I am trying to prove the following:
$$(2^a - 1, 2^b - 1) = 2^{(a,b)} - 1 \ \ \ \forall a,b \in \mathbb{N} $$ Where: $$ (a,b) := \gcd(a,b) $$
So far I have tried dividing $2^a-1$ by $2^b-1$ to see if there was anyway to get the remainder, and user the remainder to help inductively show what the $gcd$ tends toward, but all I could do through algebraic manipulation was a pathetic:
$$ \frac{2^a-1}{2^b-1} = \frac{2^a}{2^b-1} - \frac{1}{2^b-1}$$
Which wasn't in the form that I wanted. I needed a remainder.
I also, tried find a recurrence relation, which ends up being:
$$ a_1 = 1, a_n = 2a_{n-1} + 1$$
But, after that, I couldn't really think of anything I could do with it. (Don't even know why I bothered doing this in the first place...)

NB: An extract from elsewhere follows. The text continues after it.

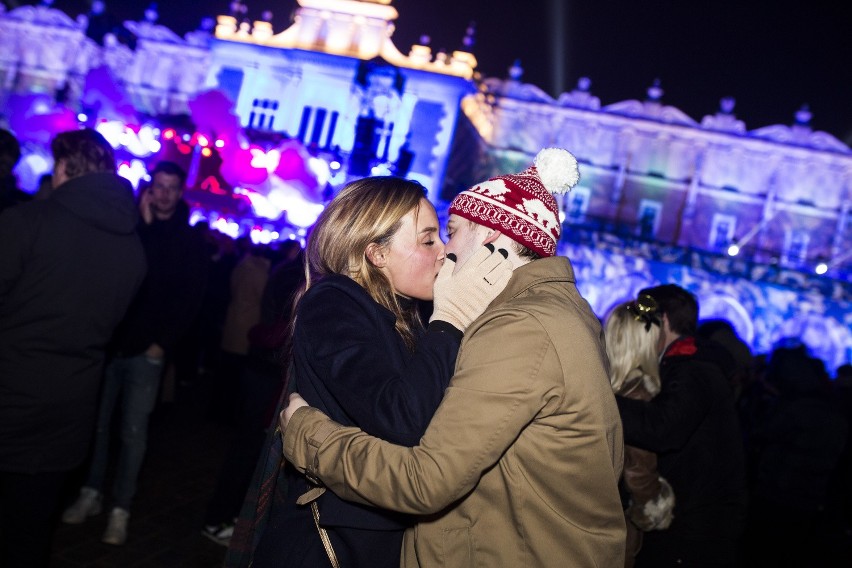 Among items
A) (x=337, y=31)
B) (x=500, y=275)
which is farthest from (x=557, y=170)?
(x=337, y=31)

Then I started thinking in terms of induction:
Maybe let $a$ be an arbitrary natural number, and show that $$(2^a-1, 2^1-1) = (2^a-1,1) = 1 = 2^1 - 1 = 2^{(a,1)} - 1$$
But after the base case I was stumped:
Assume it holds true for all $k$ then if it holds for $k+1$ our claim is true:
$$ (2^a - 1, 2^{k+1} - 1) = (2^a - 1, 2 \cdot 2^k - 1) = ???$$
I don't even think you can use induction quite this way, I've just trying to come up with something. Anyone have any hints? Thank you.
Somewhat in line with the division idea, you can use the property that $(a,b)=(a-b,b)$ (this is the basis for Euclid's algorithm). In your case, assuming $a>b$, \begin{align*} (2^a-1, 2^b-1) &= ((2^a-1) - 2^{a-b}(2^b-1), 2^b-1)\\ &= (2^{a-b} - 1, 2^b - 1). \end{align*} Notice that the exponents have a property analogous to the GCD one. Just to be clear, if we define $f(a,b) = (2^a-1,2^b-1)$, we can write $f(a,b)=f(a-b,b)$.
This means that if we follow all of the steps to compute the GCD of $a$ and $b$ by Euclid's algorithm, we can carry the steps over to get that $f(a,b)=2^{(a,b)}-1$.